The Division, ce jeu qui a vraiment divisé pas mal de joueurs.  D’un côté il y avait ceux qui comme moi ont directement accroché et ont passé des centaines d’heures de jeu dessus et d’un autre, ceux qui n’ont vraiment pas aimé et ont vite boycotté le titre.  Malgré tout, Ubisoft a su garder sur The Division une bonne communauté en quête de loot épique grâce à des contenus ajoutés au fil du temps.  Du coup, vous pouvez vous en douter (sur Twitter ça se voyait dès les premiers trailer), j’étais plus qu’impatient de voir sortir cette suite et ce même si quelques mois avant sa sortie j’étais toujours sur le premier à parcourir les rues de New-York.  Une chose est certaine, je suis devenu très vite accroc à The Division 2.

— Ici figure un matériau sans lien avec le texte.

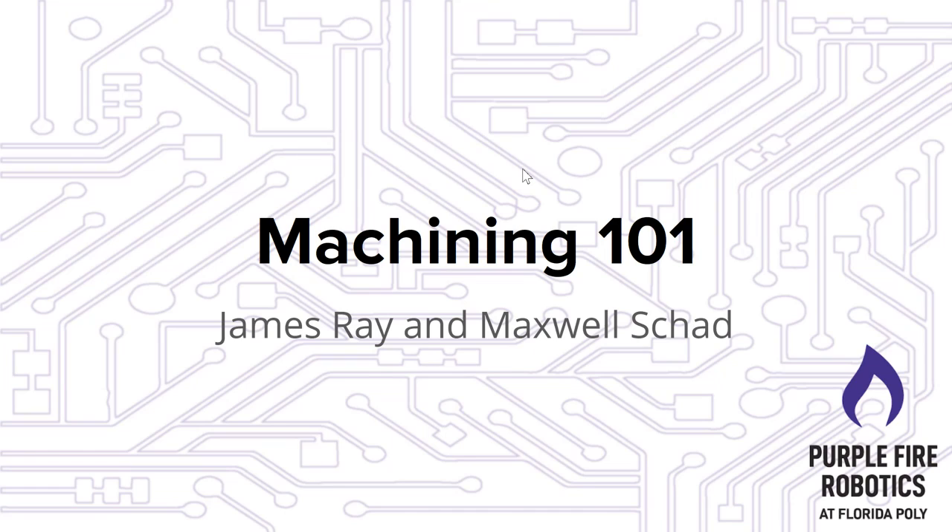Hello Purple Fire. My name is Maxwell Schad and I'm here with James Ray. We're presenting Machining 101 for the Purple Fire Spring 2021 workshops. Let's get right into it.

On incarne toujours un agent de la « Division » (SHD ou Strategic Homeland Division).  Sept mois après les évènements qui se sont passés à New-York, nous voyageons pour Washington qui est occupé par plusieurs factions où les habitants tentent de reprendre la ville et reconstruire un monde meilleur.  Parmi les factions, nous retrouvons les Hyènes, un gang de pillard assoiffés de violence et surtout de drogues.  Ensuite les True Sons une bande de militaires plutôt bien armés et surtout bien plus organisés que les Hyènes.  Pour finir, les Parias, une bande de fanatiques qui vous donneront du fil à retordre avec leurs kamikazes qui vous fonceront dessus.  Je vous laisse découvrir une surprise une fois le lvl 30 passé et l’histoire principale finie histoire de ne pas vous la spoil.  Au fil de l’histoire et des enregistrements trouvés, on découvrira très vite que le virus « poison vert » n’a pas disparu et a même sa version modifiée, autant vous dire qu’avec tout ça, c’est le chaos total dans Washington.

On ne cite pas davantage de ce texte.